Дженни выслушала меня с примерным смирением.

– Друг мой, – отвечала она, – связав меня с тобой, Господь соединил нас как для счастья, так и для беды; счастью мы радовались вместе, перенесем вместе и беду. И вот увидишь, как в решающую минуту ты пришел мне на помощь, так в самый трудный час Господь пошлет нам поддержку. Не будем терять веру, остальное свершит Всевышний.

Поскольку я не имел никакой возможности бороться с одним из моих врагов, а уж тем более с двумя, мне, естественно, пришлось прибегнуть к совету жены; однако, должен признаться, готовящегося нам удара я ждал с меньшей верой и смирением, нежели она.

Мы решили ничего не говорить ее отцу и матери; они ничего не подозревали, они не знали о ненависти ректора к моей особе и о любви управляющего к Дженни – зачем же их тревожить?!

Что касается столь нужной нам финансовой помощи, то мы были уверены, что она невозможна. Если даже у доброго г-на Смита имелись какие-нибудь наличные деньги, то слишком уж велики были долги, какие ему пришлось взять на себя в связи с покупкой фортепьяно для дочери.

Мы выложили на стол наши семь фунтов стерлингов.

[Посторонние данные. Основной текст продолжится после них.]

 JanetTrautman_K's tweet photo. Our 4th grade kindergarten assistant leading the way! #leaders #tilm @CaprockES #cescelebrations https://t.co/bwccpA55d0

В крайнем случае, месяца три мы могли бы на них просуществовать, но, чтобы добиться такого чуда экономии, нам нельзя было потратить на что-нибудь другое ни одного шиллинга из этой жалкой суммы.

И к тому же время от времени я вспоминал то, о чем не говорил ни г-ну Смиту, ни его супруге, ни Дженни, – о моем денежном долге или, вернее, о долге моего отца, ставшего затем моим долгом, когда я взялся выплачивать по одной гинее каждые три месяца.

В особенности же я вспоминал о нем вследствие подписанного мною обязательства, в соответствии с которым из-за двух не внесенных в срок платежей мне надлежало тут же выплатить всю сумму долга.

Каким же образом изъять одну гинею, которую мне предстояло отдать, из семи оставшихся у нас?